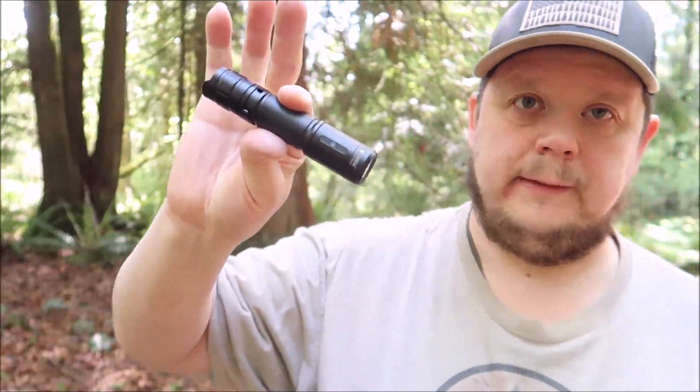The lumens on this light is 1,200 on high. I'm going to do some dark shots at home tonight. It's 1,200 lumens on high, 400 for medium, 80 for low, and 5 for eco. It also has strobe mode and SOS. I'll make sure to link the website so you can check the specs yourself.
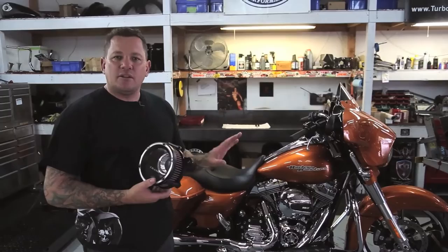Nick Trask here, Trask Performance, here to show you guys our new Assault Charge High Flow Air Cleaner Kit. There are many benefits to installing this kit on your bike — it's roughly a 10% increase in power just by bolting the kit on.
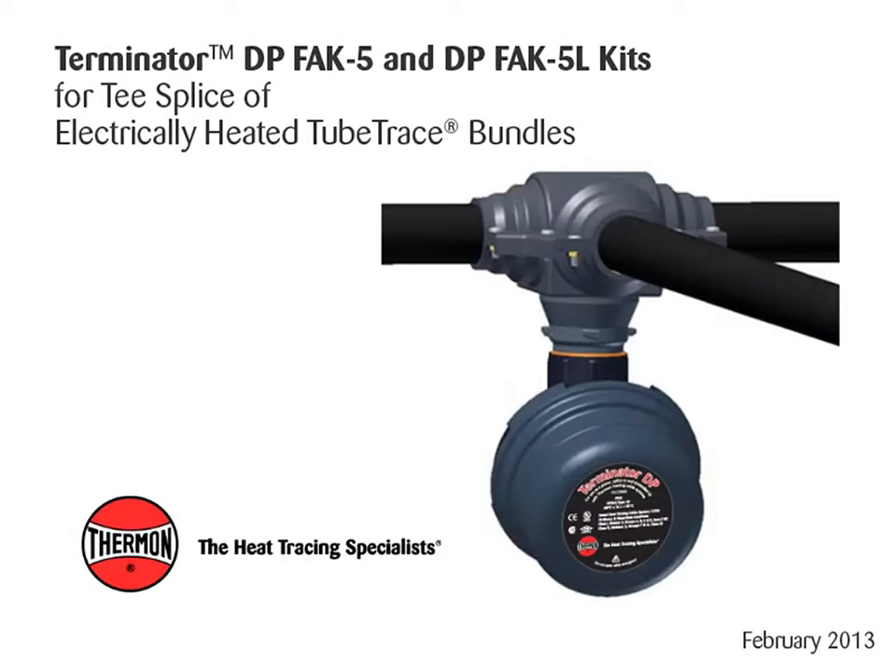This video covers installation details of Thermon's Terminator DP, FAK5, and DPFAK5L kits for T-Splice of electrically heated tube trace bundles.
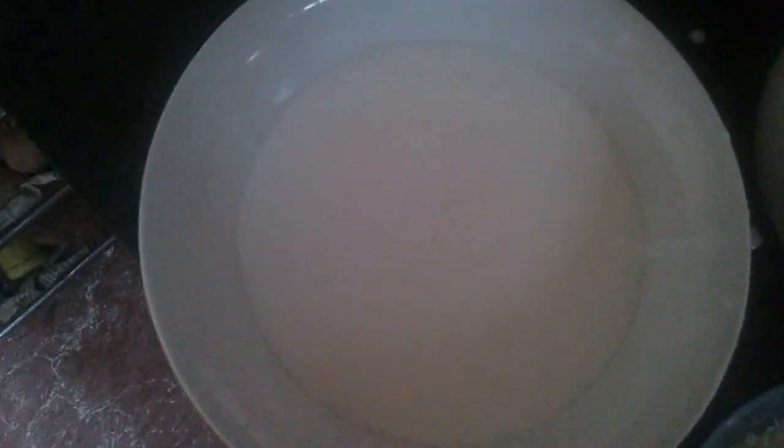Let it ferment for the night and you take it only in the morning. The batter is ready and it's fermented. Now this is morning time and you're going to make it for breakfast.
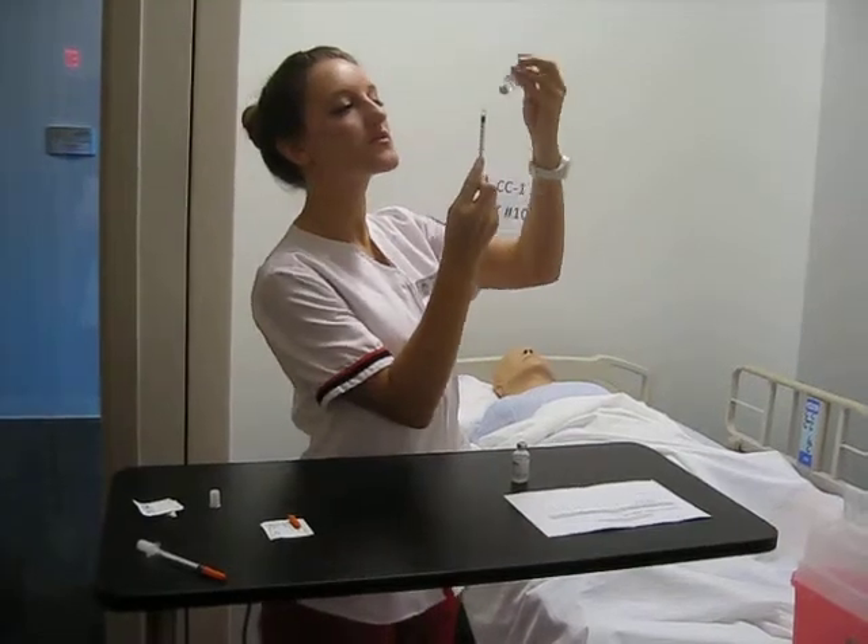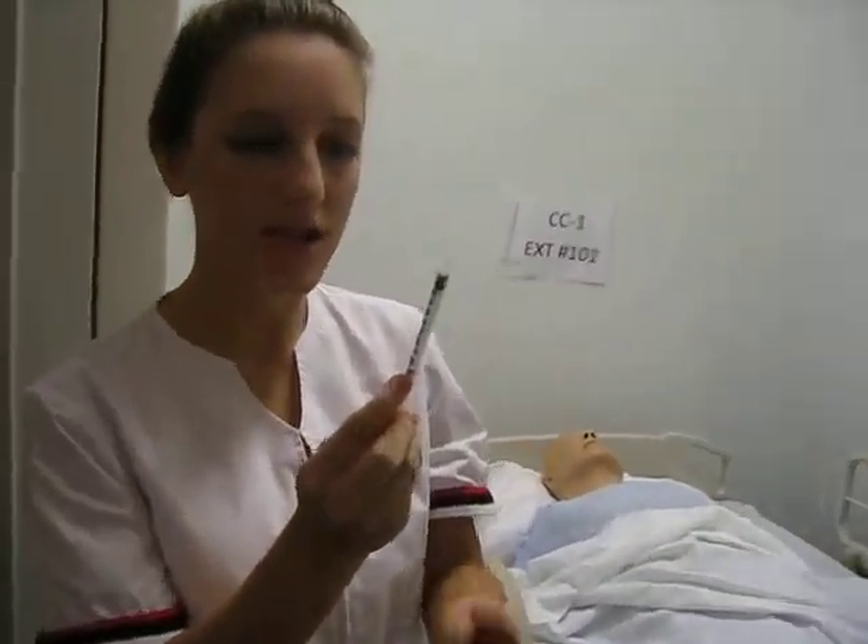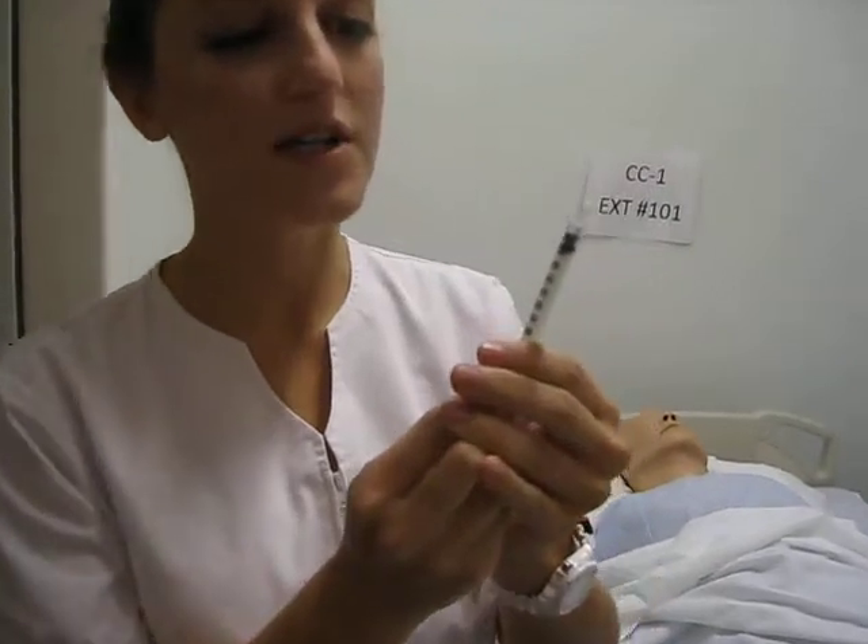I'm going to check for air bubbles, and I would need to check this with a registered nurse.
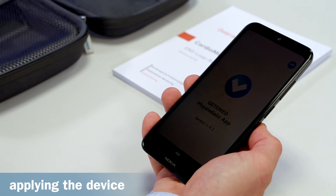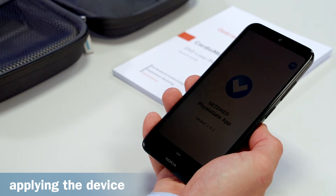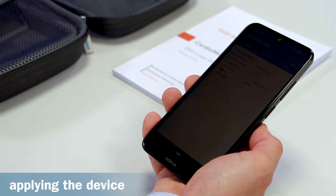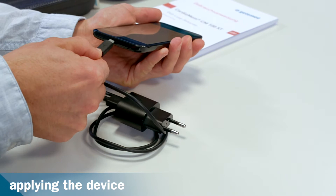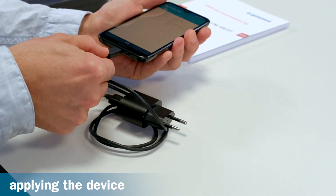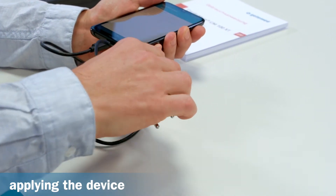The recorder and smartphone are already paired with each other upon delivery and only need to be switched on. Keep the smartphone switched on so that it can receive data from the recorder. Store it in a safe dry place near you, and charge it once a day using the charger cable provided.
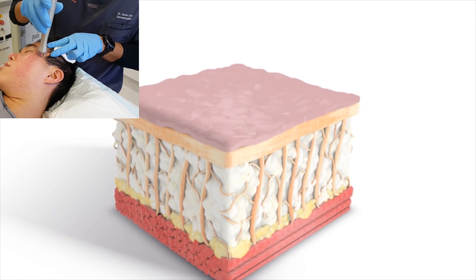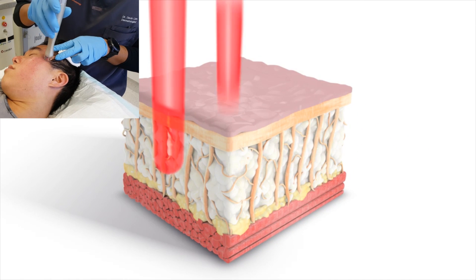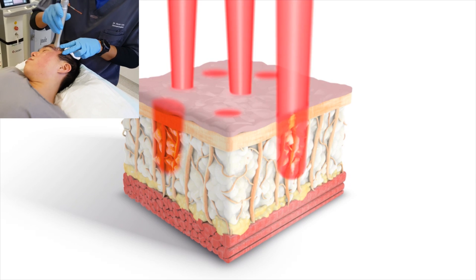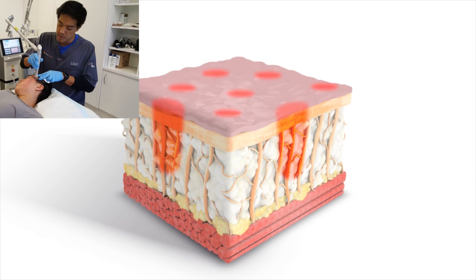Fractional laser resurfacing using different lasers and different wavelengths all work by the same principle. Basically, we're treating fractions of skin so that the remaining skin can actually heal up quicker.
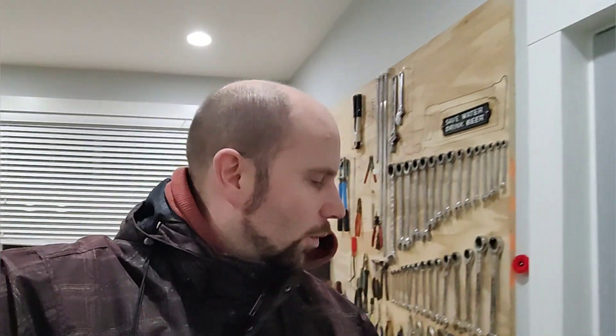Hey guys, welcome back to Ed's Garage and a quick interesting little video. I'm going to do a quick time lapse of the bottom of the battery in my 2023 Ioniq 6. I'm going to set it up for some battery preconditioning, and the reason I'm all bundled up is because it's currently minus 23 outside.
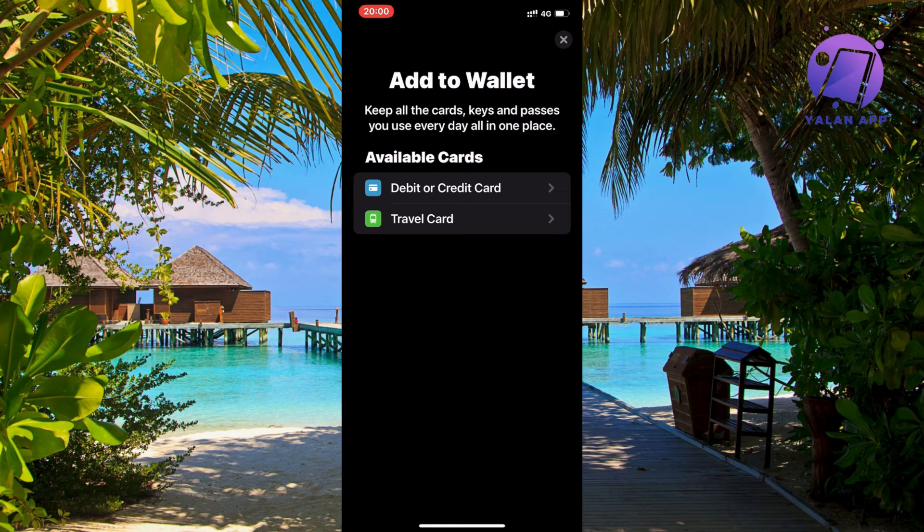So every time you go into the store, you can just have the QR code ready and scan it. That is basically the easiest way as of right now to add your Lidl Plus card to your iPhone.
********
YOUR OBJECTIVE :: Your answer should hold only the lines from the line with "The recorder and" through the closing line of the records, restated exactly and free of pictures.

WRITTEN ANSWER ::
The recorder and smartphone are already paired with each other upon delivery and only need to be switched on. Keep the smartphone switched on so that it can receive data from the recorder. Store it in a safe dry place near you, and charge it once a day using the charger cable provided.
Fractional laser resurfacing using different lasers and different wavelengths all work by the same principle. Basically, we're treating fractions of skin so that the remaining skin can actually heal up quicker.
Hey guys, welcome back to Ed's Garage and a quick interesting little video. I'm going to do a quick time lapse of the bottom of the battery in my 2023 Ioniq 6. I'm going to set it up for some battery preconditioning, and the reason I'm all bundled up is because it's currently minus 23 outside.
So every time you go into the store, you can just have the QR code ready and scan it. That is basically the easiest way as of right now to add your Lidl Plus card to your iPhone.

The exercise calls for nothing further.